Studio album by Peking Duk
- Released: 14 August 2026
- Length: 38:19
- Label: Virgin
- Producers: Peking Duk; Styalz Fuego;

Peking Duk chronology
| Reprisal (2018) | Paradise (2026) |  |

Singles from Paradise
- "Thrills" Released: 27 March 2026; "Forever" Released: 8 May 2026; "Do Your Best" Released: 12 June 2026; "Let Go" Released: 10 July 2026; "Can't Fit In" Released: 7 August 2026;

= Paradise (Peking Duk album) =

Paradise is the debut studio album by the Australian electronic duo Peking Duk, released on 14 August 2026. It was preceded by the release of five singles: "Thrills", "Forever", "Do Your Best", "Let Go" and "Can't Fit In".
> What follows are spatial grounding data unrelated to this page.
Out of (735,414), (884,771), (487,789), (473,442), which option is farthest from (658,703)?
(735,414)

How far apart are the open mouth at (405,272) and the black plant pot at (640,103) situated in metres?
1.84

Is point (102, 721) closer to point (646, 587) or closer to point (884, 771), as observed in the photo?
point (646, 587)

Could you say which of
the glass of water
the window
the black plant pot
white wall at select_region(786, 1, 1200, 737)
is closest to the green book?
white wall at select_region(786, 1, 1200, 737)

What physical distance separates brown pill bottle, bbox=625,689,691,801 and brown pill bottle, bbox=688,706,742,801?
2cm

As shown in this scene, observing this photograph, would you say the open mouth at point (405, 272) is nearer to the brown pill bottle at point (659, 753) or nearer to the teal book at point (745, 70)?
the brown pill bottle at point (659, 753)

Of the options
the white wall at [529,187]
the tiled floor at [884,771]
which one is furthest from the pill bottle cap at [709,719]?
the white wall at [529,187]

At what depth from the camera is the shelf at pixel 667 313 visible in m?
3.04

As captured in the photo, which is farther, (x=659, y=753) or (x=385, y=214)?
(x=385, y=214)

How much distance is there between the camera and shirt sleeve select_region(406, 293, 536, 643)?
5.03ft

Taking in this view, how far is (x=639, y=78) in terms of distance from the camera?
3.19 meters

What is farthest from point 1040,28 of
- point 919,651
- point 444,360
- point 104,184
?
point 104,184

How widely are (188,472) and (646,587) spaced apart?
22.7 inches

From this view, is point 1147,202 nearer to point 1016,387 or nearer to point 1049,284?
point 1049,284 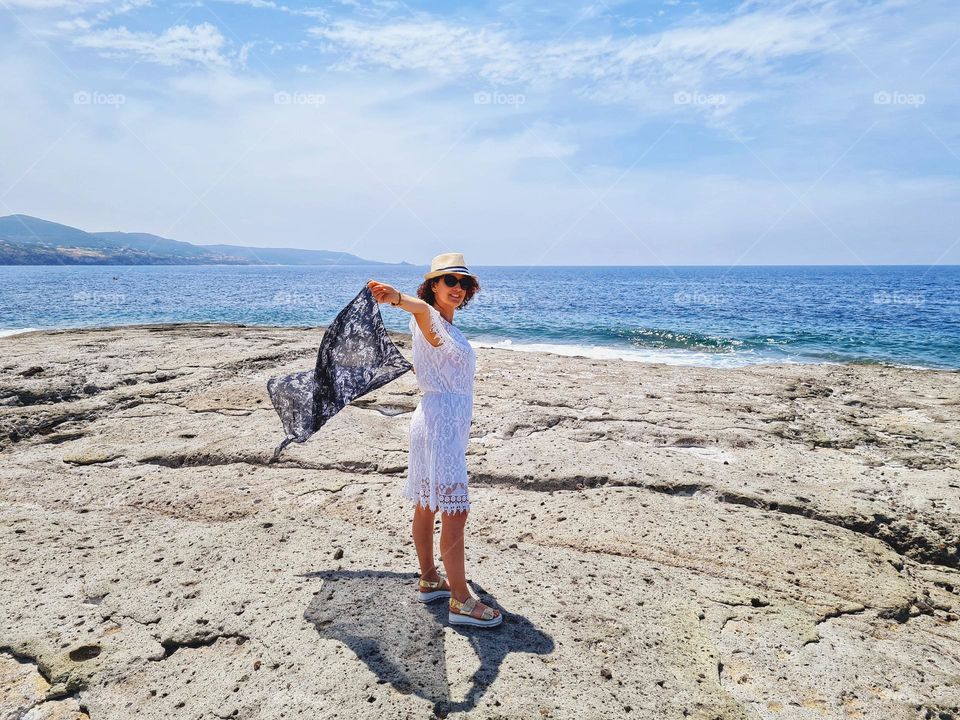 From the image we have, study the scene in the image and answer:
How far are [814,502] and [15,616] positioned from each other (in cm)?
504

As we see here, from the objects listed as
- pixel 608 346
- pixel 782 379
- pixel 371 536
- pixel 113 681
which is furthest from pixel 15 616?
pixel 608 346

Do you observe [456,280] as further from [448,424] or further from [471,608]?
[471,608]

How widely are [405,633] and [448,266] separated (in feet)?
5.95

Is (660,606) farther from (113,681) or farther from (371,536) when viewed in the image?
(113,681)

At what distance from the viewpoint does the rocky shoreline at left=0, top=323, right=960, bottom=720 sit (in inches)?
101

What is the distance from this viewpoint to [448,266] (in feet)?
9.87

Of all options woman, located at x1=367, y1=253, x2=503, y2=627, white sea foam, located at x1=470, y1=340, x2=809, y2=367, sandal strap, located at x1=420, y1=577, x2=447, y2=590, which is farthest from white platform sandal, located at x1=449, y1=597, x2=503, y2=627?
white sea foam, located at x1=470, y1=340, x2=809, y2=367

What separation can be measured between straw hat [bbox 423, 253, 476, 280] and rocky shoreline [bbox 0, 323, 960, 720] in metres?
1.75

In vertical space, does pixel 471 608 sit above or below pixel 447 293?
below

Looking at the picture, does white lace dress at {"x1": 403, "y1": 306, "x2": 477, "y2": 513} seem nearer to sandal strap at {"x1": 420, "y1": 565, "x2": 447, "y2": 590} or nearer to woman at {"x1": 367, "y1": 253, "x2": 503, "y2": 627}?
woman at {"x1": 367, "y1": 253, "x2": 503, "y2": 627}

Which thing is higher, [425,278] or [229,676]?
[425,278]

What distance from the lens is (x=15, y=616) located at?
3039 mm

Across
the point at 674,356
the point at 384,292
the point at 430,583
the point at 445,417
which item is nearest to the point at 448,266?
the point at 384,292

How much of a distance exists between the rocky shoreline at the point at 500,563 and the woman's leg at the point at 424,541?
179mm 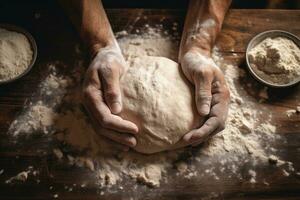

The album was announced in March 2026 alongside the album's lead single, with the duo taking to social media to say: "After 16 amazing years, Adam and I have made the difficult decision to end this chapter of our lives. We have cherished every moment of this journey with you. Every sweaty club show and every festival we've headlined has truly been a dream come true. But deep down we know it's time for us to evolve. So we finally made a move we thought we'd never make. We recorded an album."

==Reception==
AAA Backstage called it "a 14-track collision of festival-sized heaters, unexpected collaborations and distinctly Australian storytelling" noting "the record pulls from the duo's sprawling influences, spanning dirty electro, house, hip-hop, rock and pop."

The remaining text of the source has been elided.